Much of there business involved many predominantly West Indian employees who would hand approve or transmit fund transfers and they were incredibly efficient. They were great.
When I came on, the bank, once known as the First National City Bank of New York, was moving the funds transfers department to other parts of the world and the country. They wanted the lower labor costs, despite the fact that these workers weren't paid that much to begin with. They moved to Florida, Buffalo, Ireland and Philippines. But when the results came back, productivity all these remove locations was less than a quarter of our hungry immigrants here in NYC. THE for Christmas, The Philippines and Ireland went on a month long vacation which drove Citibank absolutely crazy.... But this is besides the point.
Peter Hewitt was the gentleman who hired me at the time. he was an aging 65+ year old Irish man who returned from Korea to take a job at First National City Bank when he was about 20 years old.
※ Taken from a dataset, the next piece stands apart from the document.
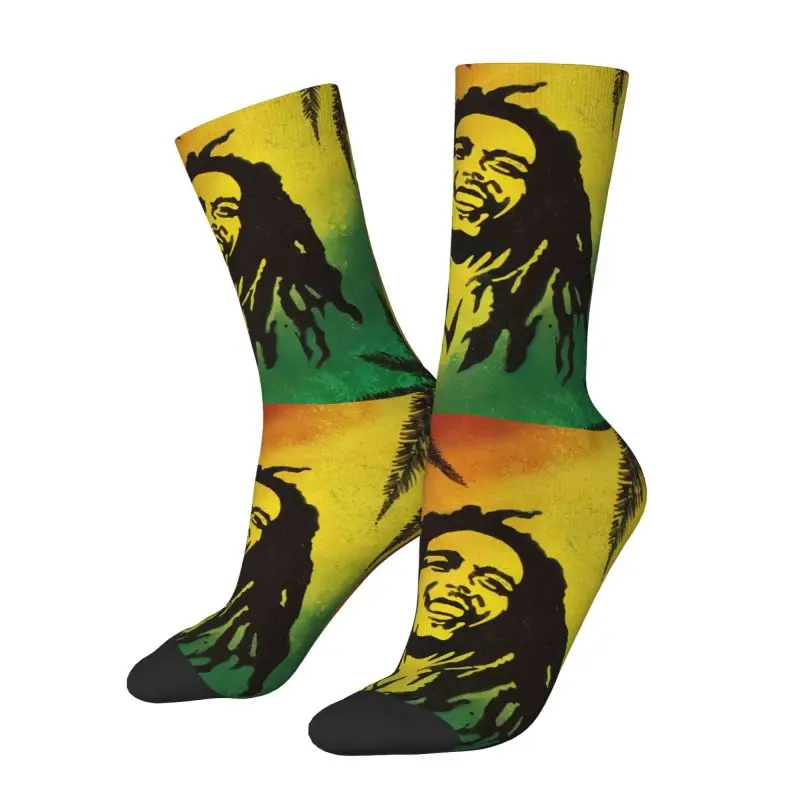 Jamaica Reggae Rock Bob Marley Mens Crew Socks Unisex Fashion Spring Summer Autumn Winter Dress Socks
He rose in the banks ranks and by the time I had met him, he had reached being a Senior Vice President, with a nice pension and a home in Gerritsen Beach, on the south shore of Brooklyn. I was working overnight and he would sit and talk to me...
He said that he was frustrated with the economy and how difficult it had become for young people to establish themselves. This was BEFORE the first dot.com bubble. It was very hard. In NYC, nobody was hiring any longer and wages had, and still are, well below a living wage, pressing both parents in a household into the job market. He specifically said that he wished he could go back and alter the decisions that his generation had made which undermined the opportunity and prosperity of the then present.
He tearfully reminisced of the days he was young and how much demand there was for workers. He answered an ad in the street for workers at the Bank and between the banks offerings and the GI Bill, he educated himself, without being loaded up with an "insane" amount of debt. He recalled how CUNY was free and how he studied economics at Brooklyn College and brought his first home with the GI bill.
and yet
THERE HE WAS, eliminating 1400 jobs in NYC to Ireland and the Philippines, even though his NY staff was far more efficient and motivated.
I couldn't do this. I have a strong conscious about how we are proceeding into our future. How are we going to protect our privacy, our individuality and our economic well being going into the future. And how are we going to educate the coming generation. It is a generation so plugged in, so caught up in the marketing, and so SHORT on historical insight, that it barely understands which way is up.
They are like leaves being tossed in a hurricane of exploitation. They are so used to be numbered, processed, statistically categorized, stamped, rolled over on, poked, liked, tweeted and texted, they don't know if they are coming or they are going anymore. How are we going to educate this coming generation of students, to cut through the noise, to see establish facts, and to understand there historical importance. How are we going to teach them __critical thinking__ and the difference between marketing and real knowledge?
If they gain real knowledge, they have a change to be leaders of importance. If not then they and we will just be mulch. Our students, and the public deserve more than that.